A film that arguably broke ground before Wonder Woman, with a similar narrative, is Dawn of the Planet of the Apes. On top of working hard to secure those much-deserved technical nominations, the studio put a lot of effort into focusing on the performance on Andy Serkis as Caesar. For Your Consideration (FYC) advertising appeared in publications like Time, proclaiming the genius of Serkis's performance, with or without technical involvement, and declared "The Time Is Now." Obviously, that didn’t work in securing Serkis a nomination, but it did force the industry to acknowledge the work of actors like Serkis and start a conversation on its merits in the context of the craft of acting.
That’s arguably what Wonder Woman is aiming for – a means to further legitimize the oft-maligned superhero genre in the eyes of an industry that enjoys its profit margins but still balks at giving it serious prestige. Warner Bros. have a good track record in securing a place in the awards slate – remember, they managed to help Mad Max: Fury Road secure ten Oscar nominations, including ones for Best Picture and Best Director for George Miller – which bodes well for Wonder Woman on some level. Where it may help them is not in getting nominations but in keeping their talent happy. Only four woman directors have ever been nominated for Best Director Oscars, with a grand total of one taking home the statuette (Kathryn Bigelow for The Hurt Locker). Pumping a lot of money into getting Patty Jenkins’s name out there, alongside the expected series of male directors like Alexander Payne and Darren Aronofsky, is a smart move as well as a sign of progress for an industry still hesitant to hire women for such movies. Jenkins has yet to sign on for the Wonder Woman sequel, so this wouldn’t be the worst way to sweeten that deal.

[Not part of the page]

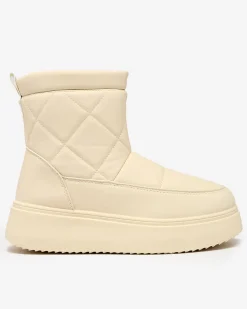 Sale Beżowe damskie botki a'la śniegowce Kacecica Śniegowce|Botki Z Delikatnym Ociepleniem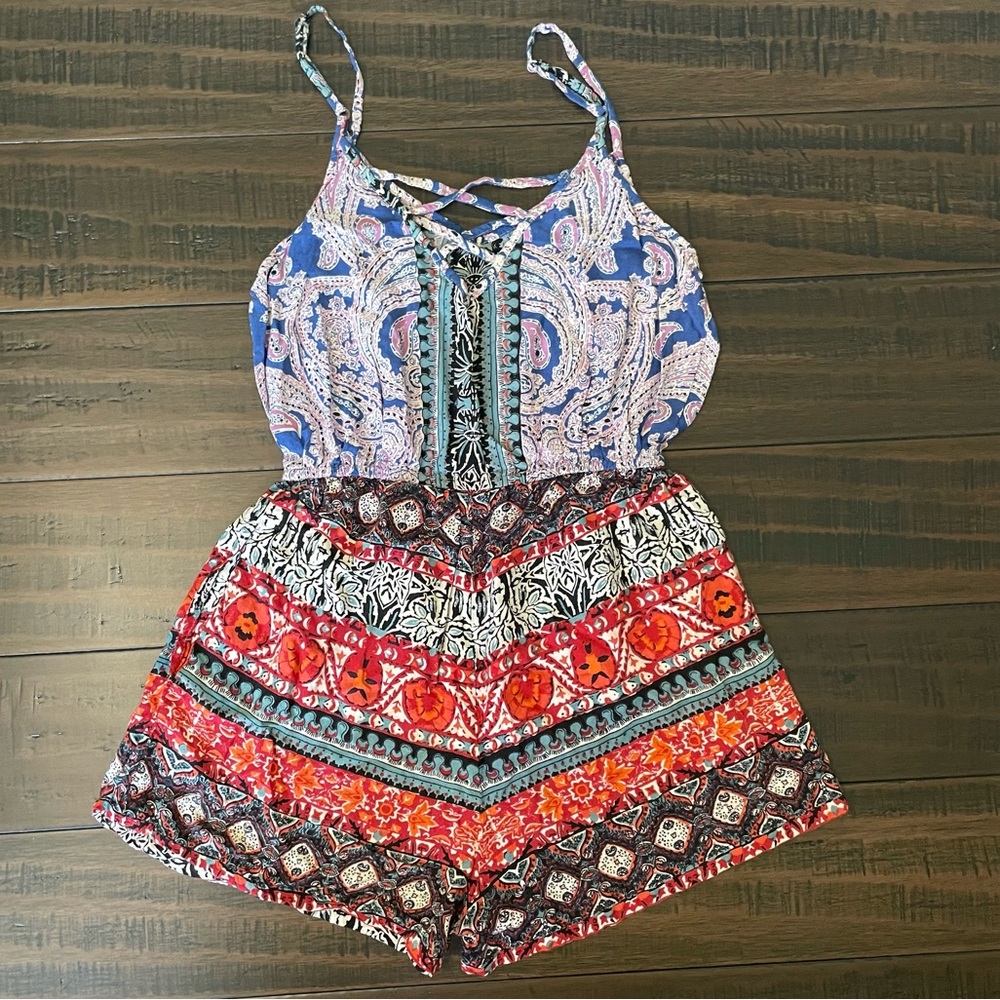 Angie Colorful Boho Printed Spaghetti Strap Romper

Wonder Woman is one of the most hyped films of the year, and keeping that hype going can be a task for any studio, but adding an awards narrative to the story certainly keeps it moving forward into the new year, especially since most Oscar-friendly fare get releases in the Fall season. Many films ride a cultural wave to the Oscar podium, and Wonder Woman could manage that as the film has become a symbol for women the world over during a tough political time. The Weinstein Company infamously campaigned for the Alan Turing biopic The Imitation Game by plastering posters with the phrase "Honour the Man: Honour the Film", directly tying giving a movie an Oscar to celebrating LGBTQ rights. By contrast, connecting Wonder Woman's awards hopes to a celebration of women and young girls seems pretty tame.

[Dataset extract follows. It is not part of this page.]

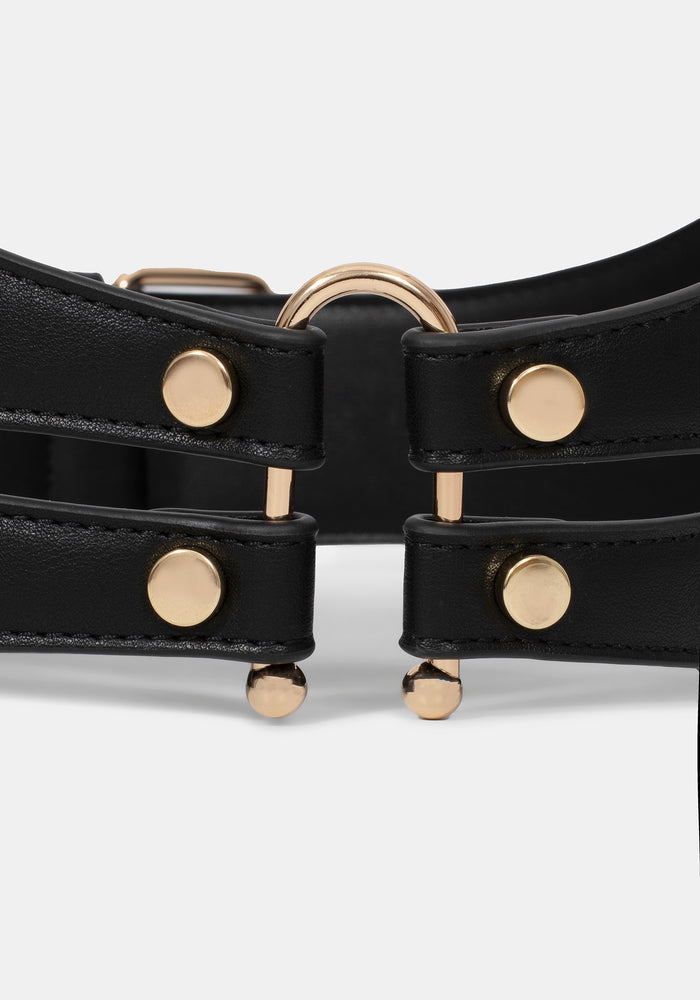 Chasm Oval Detail Waist Belt - Gold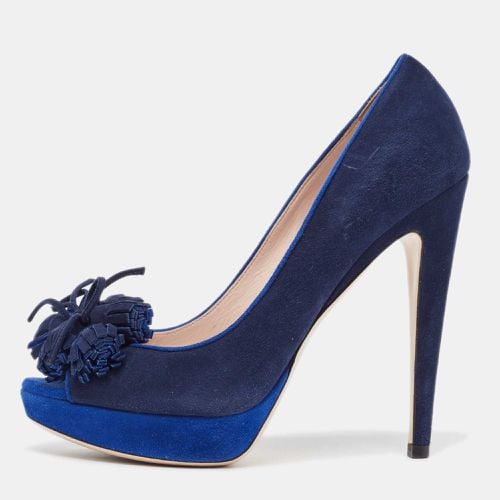 Blue Suede Peep Toe Platform Pumps Size 37.5 - Miu Miu - Modalova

Warner Bros. are doing quite well financially this year, having already soared past $1bn in grosses thanks to the successes of Wonder Woman and Dunkirk. Giving both an Oscar campaign, but particularly the former, is a great display of power, but it could signal some real change in an industry for whom progress is shockingly incremental. With the Academy adding new, more diverse voters to its membership, which already led to some upsets at this year’s ceremony, the studio could ride that wave of inclusivity, buzz and cultural prescience all the way to the Dolby Theatre. Wonder Woman could continue to break new ground, but for now, the steps being taken to ensure that are merely part of the game.